### WHAT IS NEEDED
Word for word, reproduce the records, keeping none of the pictures.

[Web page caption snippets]
========================================================================

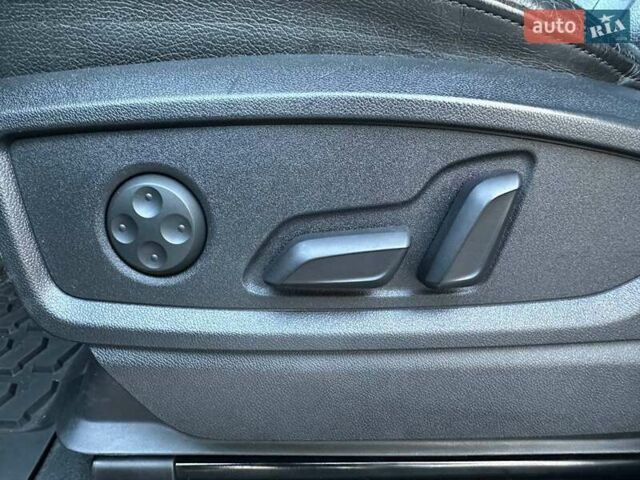 Серый Ауди Ку 5, объемом двигателя 1.98 л и пробегом 140 тыс. км за 21500 $, фото 7 на Automoto.ua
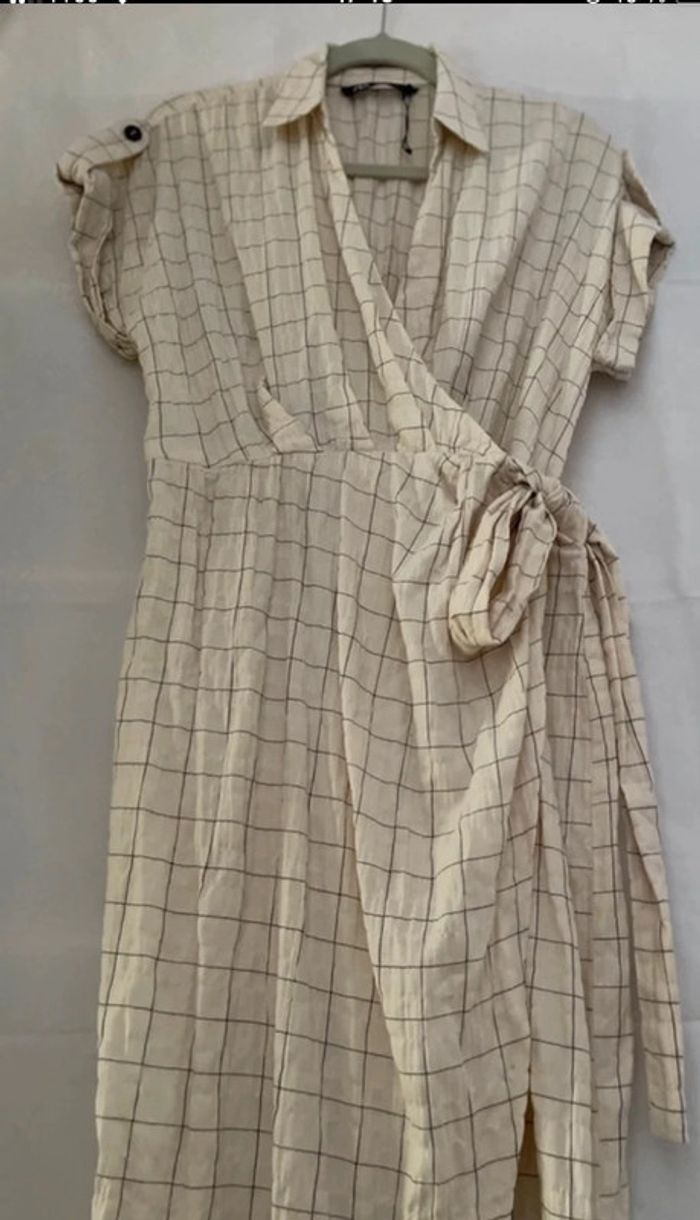 Robe légère portefeuille carreaux fenêtres - photo numéro 17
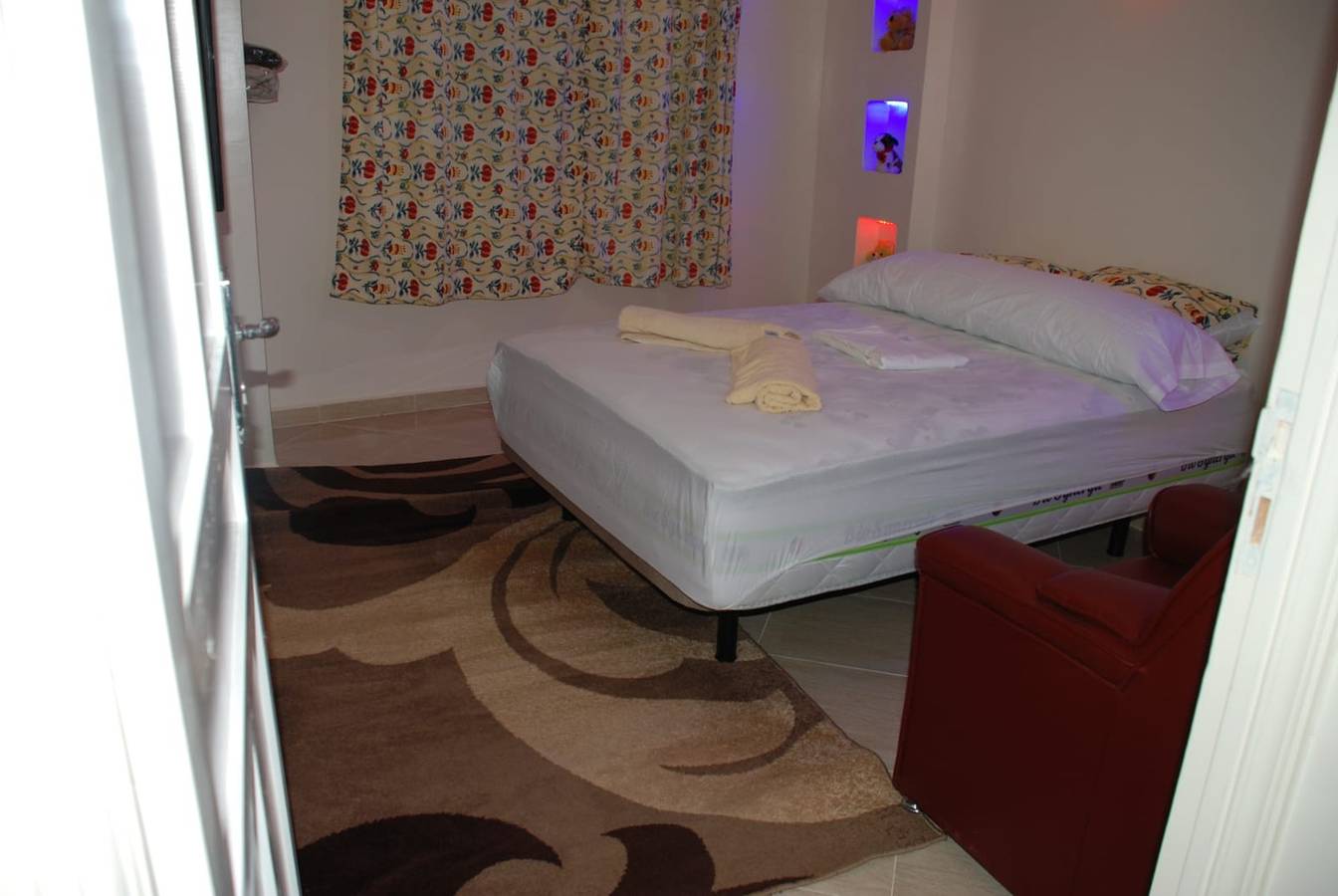 Ganze Wohnung, Charmantes Apartment in Mirleft mit Balkon und Parkplatz. in Region Souss-Massa-Drâa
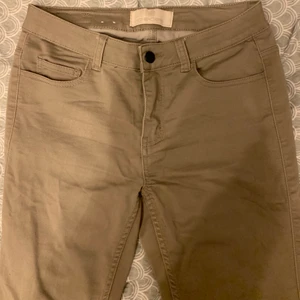Jeans  - Säljer dessa fina jeansen från pieces då de inte riktigt är min stil. De är medelmidja skulle jag säga, de är i ett mjuk jeansmaterial skulle jag beskriva det som! Vet ej vad det är för storlek men skulle gissa på M ungefär. Skriv för fler bilder💞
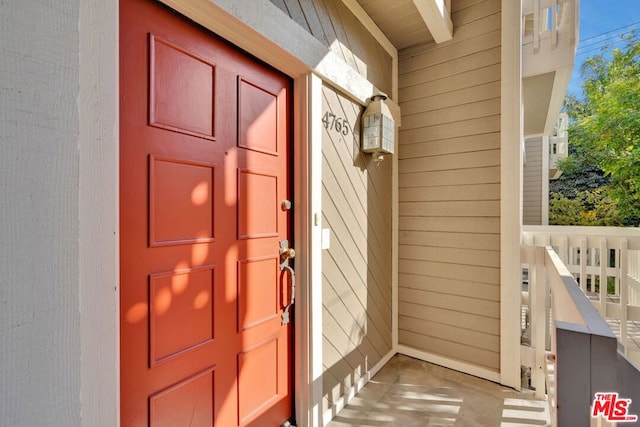 doorway to property with covered porch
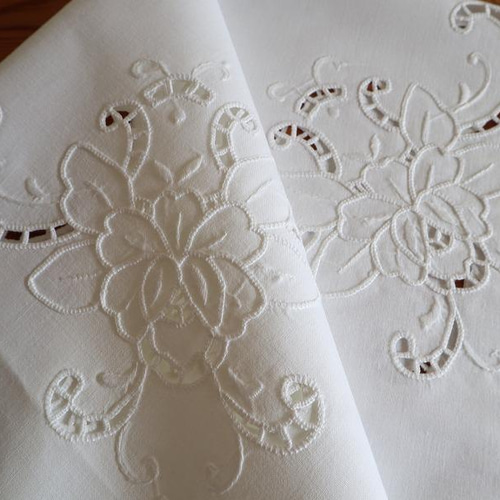 フランスの手仕事/白いお花の手刺繍とレースのテーブルクロス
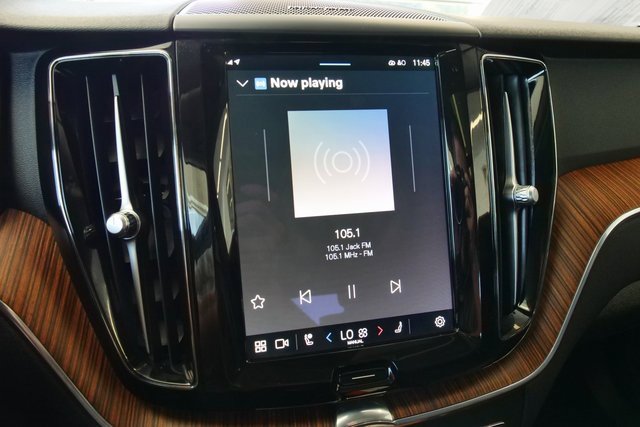 Used 2024 Volvo XC60 B5 Plus image 20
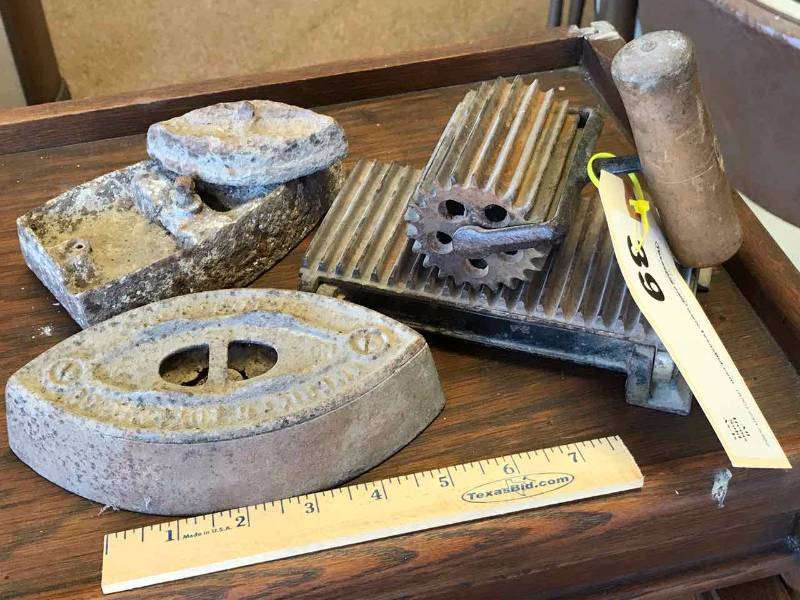 lot 39 image: Antique Cast Iron Pleater, Coal Powered & (3) Old Irons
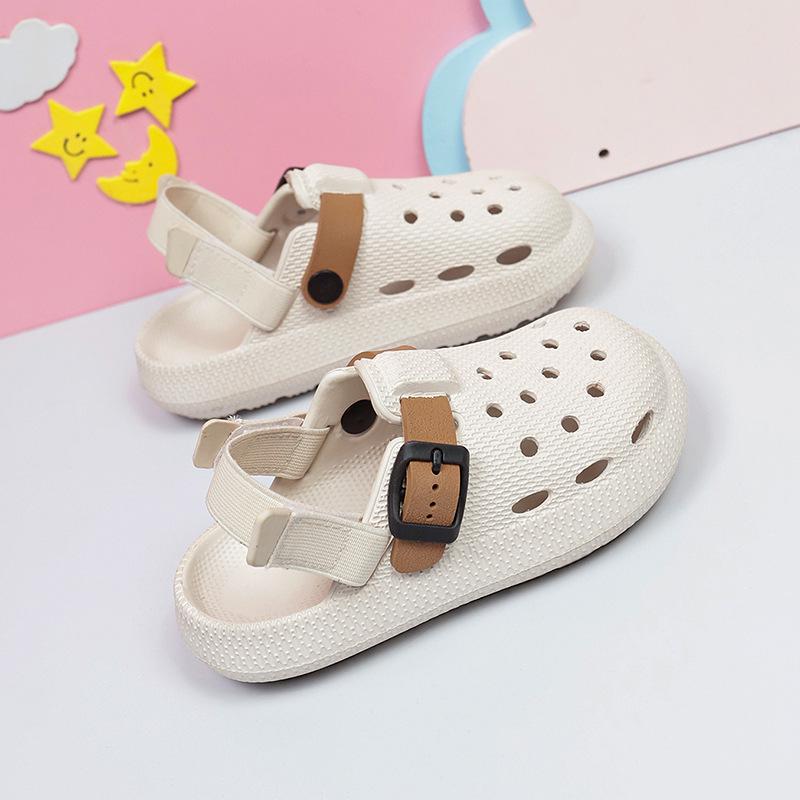 Yeni Yaz Çocuk Birkenstock Sandaletleri: Nefes Alabilir, Kaymaz, Cırt Cırtlı, Anaokulu ve Okul Kıyafetleri İçin Delikli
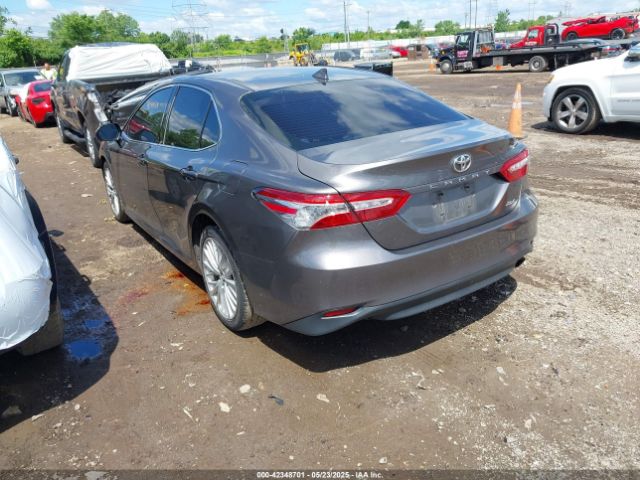 2019 TOYOTA CAMRY 4T1B11HKXKU261063 Photo 2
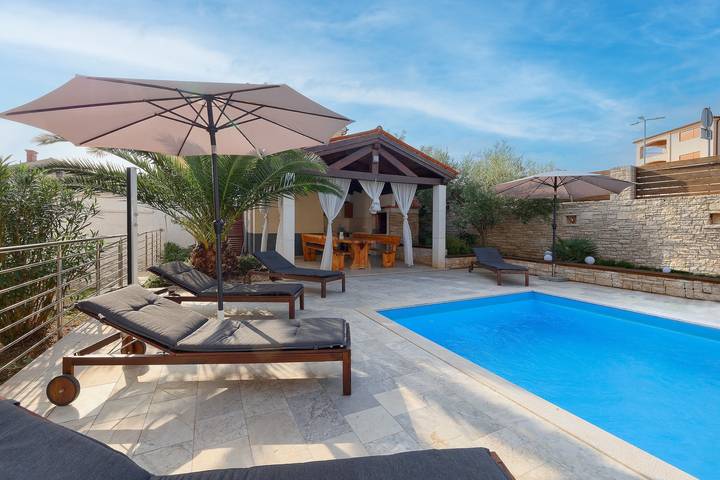 Villa pour 14 personnes avec piscine in Pula-Medulin, Ližnjan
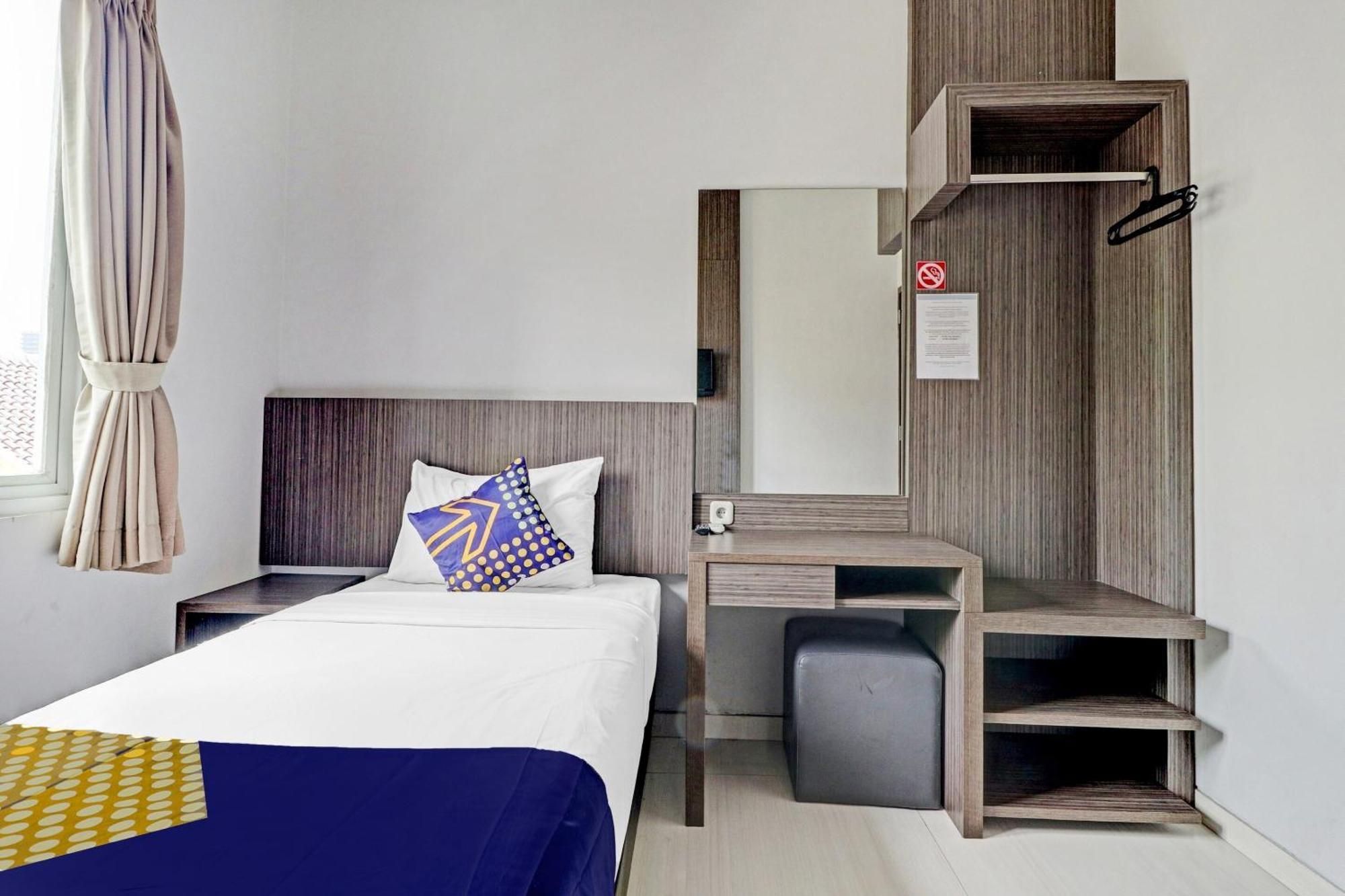Hotel O Cihampelas Near Ciwalk Formerly D'River Guest House Bandung Ngoại thất bức ảnh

========================================================================

### RESULT
 Серый Ауди Ку 5, объемом двигателя 1.98 л и пробегом 140 тыс. км за 21500 $, фото 7 на Automoto.ua
 Robe légère portefeuille carreaux fenêtres - photo numéro 17
 Ganze Wohnung, Charmantes Apartment in Mirleft mit Balkon und Parkplatz. in Region Souss-Massa-Drâa
Jeans  - Säljer dessa fina jeansen från pieces då de inte riktigt är min stil. De är medelmidja skulle jag säga, de är i ett mjuk jeansmaterial skulle jag beskriva det som! Vet ej vad det är för storlek men skulle gissa på M ungefär. Skriv för fler bilder💞
 doorway to property with covered porch
 フランスの手仕事/白いお花の手刺繍とレースのテーブルクロス
 Used 2024 Volvo XC60 B5 Plus image 20
 lot 39 image: Antique Cast Iron Pleater, Coal Powered & (3) Old Irons
 Yeni Yaz Çocuk Birkenstock Sandaletleri: Nefes Alabilir, Kaymaz, Cırt Cırtlı, Anaokulu ve Okul Kıyafetleri İçin Delikli
 2019 TOYOTA CAMRY 4T1B11HKXKU261063 Photo 2
 Villa pour 14 personnes avec piscine in Pula-Medulin, Ližnjan
Hotel O Cihampelas Near Ciwalk Formerly D'River Guest House Bandung Ngoại thất bức ảnh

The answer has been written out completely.